Tigerman was a member of what came to be known as the Chicago Seven, a group of architects who rebelled against the high modernism of Mies van der Rohe. (Tigerman greatly admired the master architect’s work, though, and he lived full-time in a Mies building.) He gained a reputation as an iconoclast with works like the Daisy House, a 1972 Indiana family residence that resembles complementary male and female anatomy in plan.
Works like Daisy House, the Lakeside Residence, and the Formica Showroom launched him into the director’s role at the School of Architecture at the University of Illinois at Chicago.
Over the course of his almost six-decade career, Tigerman wrote seven books and designed around 450 buildings in Chicago, Japan, and beyond. He and architect Margaret McCurry, his second wife, co-founded Tigerman McCurry in 1986. They only designed as a team when clients asked for joint services, however. “‘It’s just that it’s easier to not have anyone question what he draws except for the client,’ McCurry told the Chicago Reader in 2003. ‘[and] this is like having two clients.'”

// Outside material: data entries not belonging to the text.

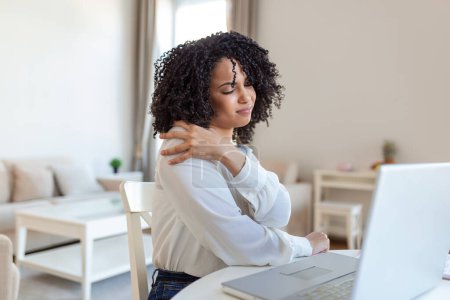 Téléchargez les photos : Portrait de jeune femme stressée assise au bureau à domicile devant un ordinateur portable, touchant le dos avec une expression douloureuse, souffrant de maux de dos après avoir travaillé sur PC - en image libre de droit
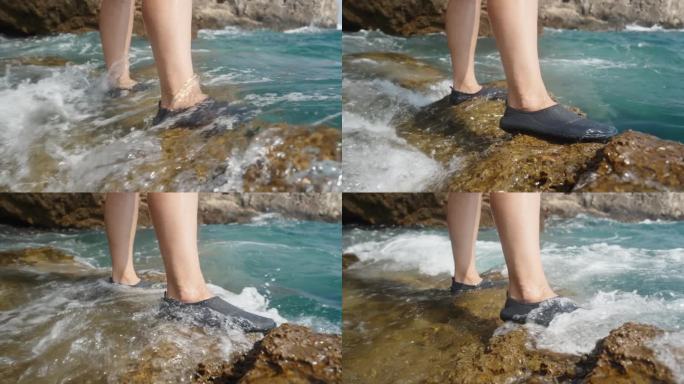 女性脚的特写镜头，她穿着专门为陡峭岩石设计的水鞋，站在岩石悬崖上，波浪覆盖着她的脚。缓慢的运动。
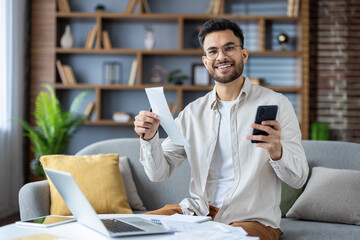 Portrait of a smiling and satisfied young man sitting at home on the sofa, holding a mobile phone and a message letter, looking happily at the camera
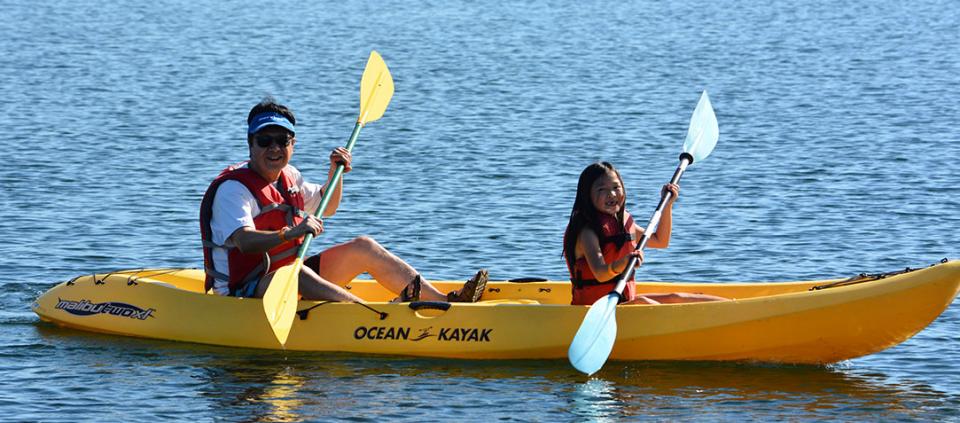 father and daughter kayaking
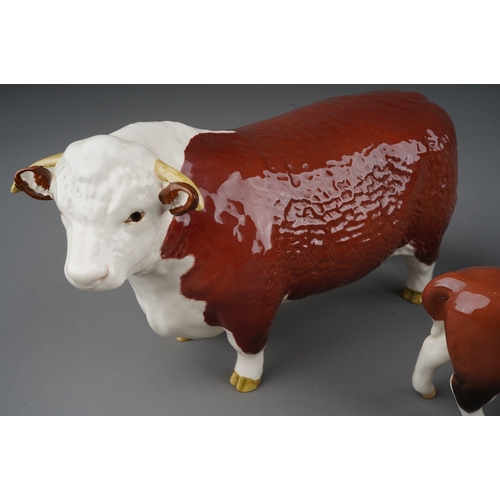 703 - A Beswick Champion of Champions Bull and Cow together with a Hereford calf, all stamped (3)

In a 2015 exhibition at the Chicago Architecture Club, Tigerman unveiled a follow-up to The Titanic, seen in the top image here. The Epiphany drops a hydrogen bomb on Mies’s Crown Hall as well as Frank Gehry’s Guggenheim Bilbao to protest what Tigerman characterized as a fixation on architectural icons. At the opening, the elder statesman praised today’s up-and-coming young architects: “I am very pleased with the current generation. I feel good. I can go now.”